El libro como fetiche

El libro como objeto, como fetiche, repartido por cada rincón de la casa, anunciando secretos tras la ilustración de una portada -aquellas policromías de Ediciones Calleja- capaz de mantenerme ensimismado durante horas. A unos niños les da por desarmar relojes, a otros por coleccionar insectos, por pintar los uniformes de los soldados de plomo. A mí, simplemente, me dio por saber qué misterio contenían los libros. Pero creo que otros factores, el tiempo y el lugar de mi infancia, tuvieron mucho que ver con mi afición a la lectura: los años que rodean a 1950 en un pequeño pueblo de la provincia, con sus inviernos largos y fríos, la ausencia de televisión, las dificultades, incluso, para escuchar los programas de la radio, un mundo que, salvo por los juegos veraniegos en la calle, se me antoja triste y aburrido. Tan solo el cine de los domingos brillaba como un faro poderoso para el entretenimiento. De haber existido la posibilidad de ver cine todos los días, no sé si hubiese desarrollado la costumbre, la pasión por los libros. ¿Una cuestión genética? Es probable, mi padre era un gran lector. Pero no creo que esto explique nada. De los cuatro niños de la casa, en idénticas circunstancias, solo yo me convertí en un ratón de biblioteca.

Un placer sensorial

En torno a las primeras lecturas mis recuerdos constituyen una verdadera nebulosa con aproximaciones a las novelas de El Coyote, de José Mallorquí, al Tarzan de E.R. Burrougsh, a policiacos de Edgar Wallace, y a una colección del semanario 7 fechas. Hasta el descubrimiento de Julio Verne. He aquí la auténtica epifanía: Verne y sus Dos años de vacaciones, el primer libro embriagador, absorbente, el descubrimiento del placer sensorial e intelectual que podían contener los libros a la hora de fabricar mundos inéditos, de crear identificaciones o hacer posible los sueños. Lo leí varias veces antes de adentrarme en buena parte de la obra del autor francés. Después, como solía ocurrir entre los niños de mi generación, le llegó la hora a Stevenson, Walter Scott, Zane Grey, Karl May, y una desordenada incursión por Agatha Christie, Conan Doyle y todo cuanto poseía el sabor de la aventura y el misterio o podía completar los universos entrevistos en el cine: Kipling, H. Ridder Haggar, H. G.Wells, Twain. A veces, pienso en los libros de aquellos años como un sucedáneo o complemento de las ensoñaciones del cine -o viceversa- en un estímulo constante para continuar leyendo.
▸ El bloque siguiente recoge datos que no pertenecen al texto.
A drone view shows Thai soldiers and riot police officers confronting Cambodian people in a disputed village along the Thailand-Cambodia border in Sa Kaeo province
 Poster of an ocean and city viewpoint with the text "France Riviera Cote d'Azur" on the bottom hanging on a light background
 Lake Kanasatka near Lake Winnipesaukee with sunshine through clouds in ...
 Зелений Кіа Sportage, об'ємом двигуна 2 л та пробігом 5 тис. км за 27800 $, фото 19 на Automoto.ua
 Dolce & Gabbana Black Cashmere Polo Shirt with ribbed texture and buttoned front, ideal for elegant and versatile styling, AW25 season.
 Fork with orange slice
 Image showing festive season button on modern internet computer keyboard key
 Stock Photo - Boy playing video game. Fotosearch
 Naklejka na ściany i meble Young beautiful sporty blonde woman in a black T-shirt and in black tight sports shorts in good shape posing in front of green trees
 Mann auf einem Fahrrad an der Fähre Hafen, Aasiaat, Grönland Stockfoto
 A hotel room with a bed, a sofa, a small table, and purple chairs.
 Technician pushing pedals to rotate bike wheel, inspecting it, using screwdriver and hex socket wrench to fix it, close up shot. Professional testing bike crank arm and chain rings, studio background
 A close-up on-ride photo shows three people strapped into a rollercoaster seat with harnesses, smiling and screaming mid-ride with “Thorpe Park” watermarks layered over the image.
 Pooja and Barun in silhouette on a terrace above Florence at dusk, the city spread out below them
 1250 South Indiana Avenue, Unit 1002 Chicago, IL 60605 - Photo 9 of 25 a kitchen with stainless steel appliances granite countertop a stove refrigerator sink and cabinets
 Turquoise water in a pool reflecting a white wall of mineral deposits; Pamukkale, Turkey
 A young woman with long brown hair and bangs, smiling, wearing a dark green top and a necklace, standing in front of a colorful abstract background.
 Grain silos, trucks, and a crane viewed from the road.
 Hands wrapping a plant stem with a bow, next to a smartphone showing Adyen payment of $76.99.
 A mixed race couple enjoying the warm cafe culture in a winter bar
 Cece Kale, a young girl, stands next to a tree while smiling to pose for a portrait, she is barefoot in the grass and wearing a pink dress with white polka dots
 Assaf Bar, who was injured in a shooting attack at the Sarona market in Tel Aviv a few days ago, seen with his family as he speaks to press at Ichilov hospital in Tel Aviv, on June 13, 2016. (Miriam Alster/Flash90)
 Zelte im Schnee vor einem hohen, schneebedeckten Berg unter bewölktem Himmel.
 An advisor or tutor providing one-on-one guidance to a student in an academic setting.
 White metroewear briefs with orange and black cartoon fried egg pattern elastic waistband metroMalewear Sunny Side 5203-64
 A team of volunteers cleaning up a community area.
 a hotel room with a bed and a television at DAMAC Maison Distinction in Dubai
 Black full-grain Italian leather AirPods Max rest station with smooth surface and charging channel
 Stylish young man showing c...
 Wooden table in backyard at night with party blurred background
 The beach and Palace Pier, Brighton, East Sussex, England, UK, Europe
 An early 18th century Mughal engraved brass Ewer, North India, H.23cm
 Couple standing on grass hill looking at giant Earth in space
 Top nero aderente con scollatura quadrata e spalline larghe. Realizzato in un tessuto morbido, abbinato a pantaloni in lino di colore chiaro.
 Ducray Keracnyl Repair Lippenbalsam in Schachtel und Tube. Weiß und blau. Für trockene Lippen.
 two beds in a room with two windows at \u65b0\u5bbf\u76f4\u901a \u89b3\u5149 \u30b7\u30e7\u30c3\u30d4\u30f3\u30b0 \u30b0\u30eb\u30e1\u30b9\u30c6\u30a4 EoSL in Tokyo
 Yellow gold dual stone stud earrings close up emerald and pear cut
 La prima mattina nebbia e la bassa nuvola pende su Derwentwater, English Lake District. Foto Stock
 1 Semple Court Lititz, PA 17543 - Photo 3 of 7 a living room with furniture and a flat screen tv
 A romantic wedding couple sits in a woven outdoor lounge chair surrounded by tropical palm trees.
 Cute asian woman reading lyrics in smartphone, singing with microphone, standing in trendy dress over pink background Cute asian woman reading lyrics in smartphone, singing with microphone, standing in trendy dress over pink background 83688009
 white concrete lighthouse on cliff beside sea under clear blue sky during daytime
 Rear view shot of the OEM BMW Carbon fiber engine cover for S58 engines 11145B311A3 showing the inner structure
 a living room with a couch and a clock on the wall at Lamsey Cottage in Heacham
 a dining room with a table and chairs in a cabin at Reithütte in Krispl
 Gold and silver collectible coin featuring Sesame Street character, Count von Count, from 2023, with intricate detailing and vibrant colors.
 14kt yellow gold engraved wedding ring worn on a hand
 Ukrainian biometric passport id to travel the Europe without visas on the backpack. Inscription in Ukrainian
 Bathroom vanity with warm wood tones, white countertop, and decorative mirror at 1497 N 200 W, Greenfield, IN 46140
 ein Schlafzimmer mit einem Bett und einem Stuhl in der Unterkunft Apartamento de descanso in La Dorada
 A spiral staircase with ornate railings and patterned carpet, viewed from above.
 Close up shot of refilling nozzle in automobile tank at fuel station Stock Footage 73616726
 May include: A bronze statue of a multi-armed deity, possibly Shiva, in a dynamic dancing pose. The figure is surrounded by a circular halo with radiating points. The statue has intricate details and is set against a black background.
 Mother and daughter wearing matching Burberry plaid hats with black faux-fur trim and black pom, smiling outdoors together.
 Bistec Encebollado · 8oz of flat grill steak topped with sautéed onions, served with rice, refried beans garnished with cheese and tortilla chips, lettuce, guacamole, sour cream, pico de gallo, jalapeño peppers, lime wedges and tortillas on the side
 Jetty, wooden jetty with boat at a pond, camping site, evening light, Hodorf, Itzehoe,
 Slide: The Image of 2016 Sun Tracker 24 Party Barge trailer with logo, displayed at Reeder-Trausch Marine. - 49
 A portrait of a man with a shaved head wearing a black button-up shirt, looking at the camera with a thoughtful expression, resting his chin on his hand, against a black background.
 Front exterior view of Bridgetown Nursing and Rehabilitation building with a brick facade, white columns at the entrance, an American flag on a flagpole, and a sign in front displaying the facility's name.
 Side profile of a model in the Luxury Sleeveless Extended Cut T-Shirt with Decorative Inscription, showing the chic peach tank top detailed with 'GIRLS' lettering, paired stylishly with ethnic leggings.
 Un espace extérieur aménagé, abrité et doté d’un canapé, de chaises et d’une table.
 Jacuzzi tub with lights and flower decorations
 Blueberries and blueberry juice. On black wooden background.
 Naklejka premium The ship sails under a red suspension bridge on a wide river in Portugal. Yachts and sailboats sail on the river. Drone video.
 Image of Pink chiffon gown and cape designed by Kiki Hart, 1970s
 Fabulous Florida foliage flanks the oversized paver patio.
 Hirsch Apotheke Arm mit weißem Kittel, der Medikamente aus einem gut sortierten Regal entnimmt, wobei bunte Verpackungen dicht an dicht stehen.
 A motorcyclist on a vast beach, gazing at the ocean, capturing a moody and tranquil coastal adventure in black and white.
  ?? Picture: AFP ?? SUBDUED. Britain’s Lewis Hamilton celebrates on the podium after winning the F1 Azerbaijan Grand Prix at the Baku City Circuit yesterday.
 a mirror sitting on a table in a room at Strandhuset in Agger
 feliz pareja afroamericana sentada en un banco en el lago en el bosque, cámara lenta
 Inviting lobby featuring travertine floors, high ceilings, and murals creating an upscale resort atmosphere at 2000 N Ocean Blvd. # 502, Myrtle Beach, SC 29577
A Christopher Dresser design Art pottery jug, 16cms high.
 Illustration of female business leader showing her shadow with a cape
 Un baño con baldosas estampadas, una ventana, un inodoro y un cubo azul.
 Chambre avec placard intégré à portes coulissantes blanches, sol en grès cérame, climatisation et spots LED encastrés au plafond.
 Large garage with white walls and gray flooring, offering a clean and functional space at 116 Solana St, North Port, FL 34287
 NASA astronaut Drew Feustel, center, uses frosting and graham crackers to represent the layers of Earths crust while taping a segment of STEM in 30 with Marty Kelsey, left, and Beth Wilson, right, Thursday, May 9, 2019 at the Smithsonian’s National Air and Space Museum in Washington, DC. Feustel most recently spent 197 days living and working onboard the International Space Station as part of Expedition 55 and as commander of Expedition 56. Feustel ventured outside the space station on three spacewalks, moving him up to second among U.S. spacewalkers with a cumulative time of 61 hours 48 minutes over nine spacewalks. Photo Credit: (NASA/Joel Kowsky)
Otra gran revelación tuvo lugar en plena adolescencia, durante el bachillerato, cuando sitúo la entrada en mi primera lectura adulta. Un compañero me recomendó la trilogía de José María Gironella sobre la Guerra Civil -Los cipreses creen en Dios, Un millón de muertos, Ha estallado la paz- y el universo de la aventura dio paso a una aproximación al conocimiento del tiempo en que vivía, de los secretos remotos de la familia, de aquella terrible contienda que había marcado la vida de mis contemporáneos y que explicaba muchas cosas de las que ocurrían a mi alrededor. Pero además aquella obra hablaba de otras cosas: del triunfo y el fracaso de unos personajes que, abandonando su condición de héroes o villanos impolutos, se mostraban tan próximos como los vecinos de la casa o la gente que te cruzabas por la calle; hablaba de temas prohibidos como el sexo y el adulterio; de conceptos desconocidos como el comunismo y el anarquismo; de la formación real de un joven y de sus sentimientos escondidos e inconfesables, los mismos que inquietaban mi espíritu. Las novelas de Gironella, como estímulo, abrían la puerta de los libros hacia el conocimiento de mi vida interior y de la realidad. Y ambas cosas, mi yo y la realidad, debían ser indagadas.

Una actividad sospechosa

El libro era, por lo tanto, como el cabo inicial del hilo de Ariadna para salir del laberinto. Y un libro conducía, necesariamente, a otro. Así viví una época obsesiva por conocer lo que había ocurrido en nuestra guerra civil dando paso a otras lecturas similares. No fue un fenómeno aislado. Me introduje en la juventud bajo el influjo de otros dos autores hoy casi olvidados: Alejandro Nuñez Alonso, con su pentalogía sobre el mundo de Benasur de Judea y los setenta primeros años de la era cristiana -lectura auténticamente febril y placentera- que me llevó al descubrimiento de la antigüedad clásica grecorromana, rastreando por las librerías y bibliotecas, y León Uris abriéndome los ojos sobre el Holocausto a través de Mila 18 y Éxodo, pórtico, a su vez, de un esfuerzo solitario y todavía autodidacta, por adentrarme en la historia reciente de Europa.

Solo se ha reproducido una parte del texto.